**PROBLEM TO SOLVE:**
Restate the following data in its entirety, word for word and without images.

GIVEN MATERIAL below:

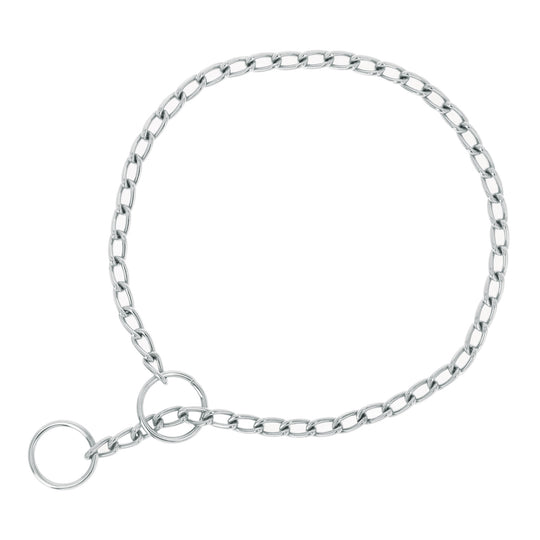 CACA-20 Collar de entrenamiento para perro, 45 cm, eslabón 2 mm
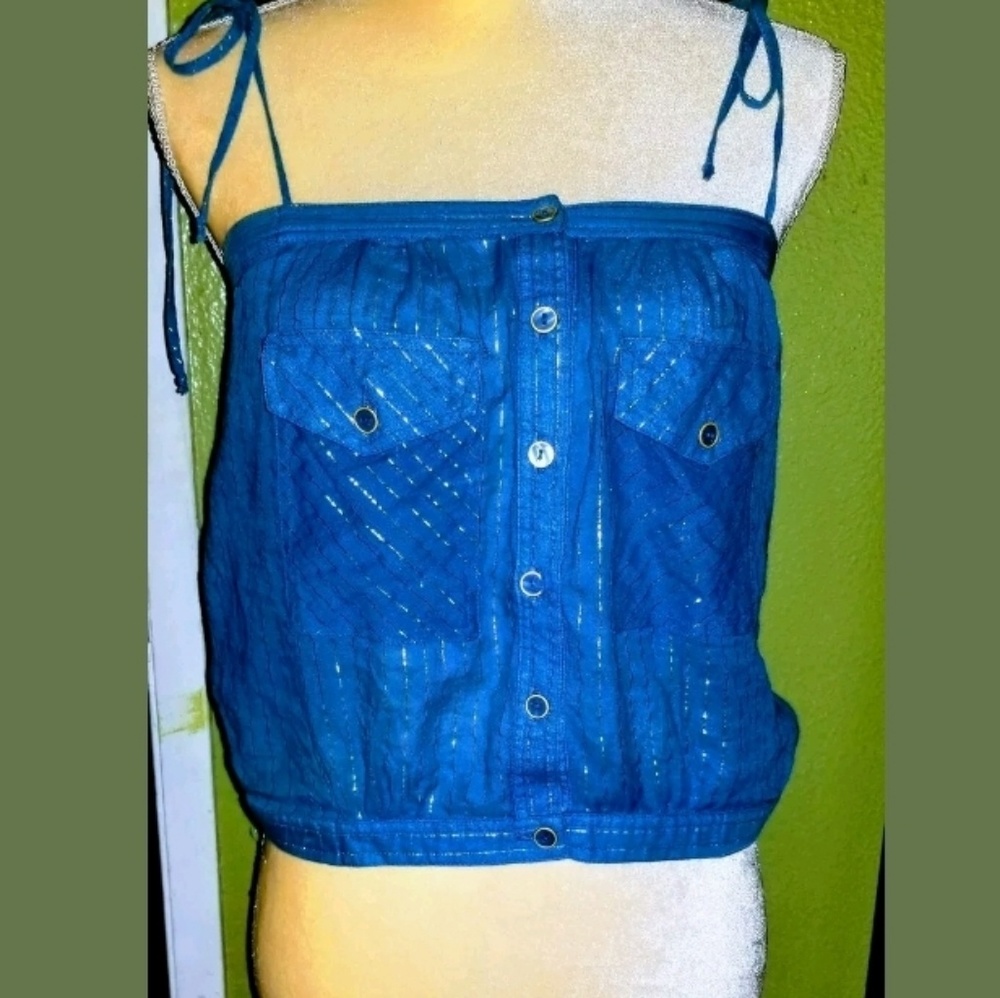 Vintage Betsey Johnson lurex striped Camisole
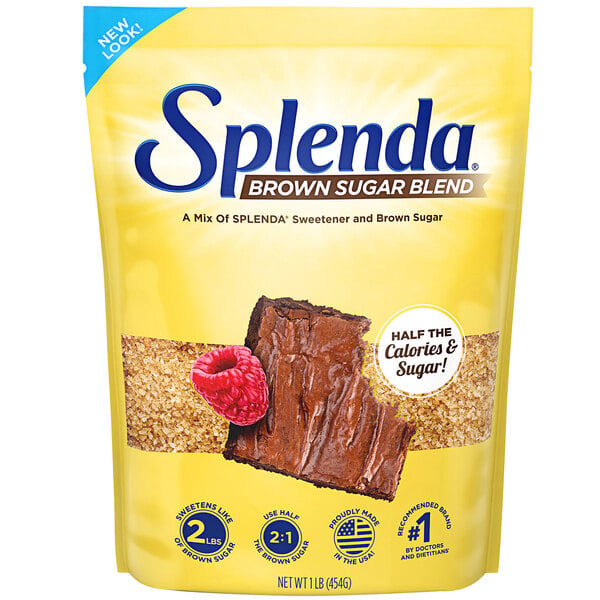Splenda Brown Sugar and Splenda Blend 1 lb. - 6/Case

End of GIVEN MATERIAL.

**EXERCISE RESPONSE:**
 CACA-20 Collar de entrenamiento para perro, 45 cm, eslabón 2 mm
 Vintage Betsey Johnson lurex striped Camisole
Splenda Brown Sugar and Splenda Blend 1 lb. - 6/Case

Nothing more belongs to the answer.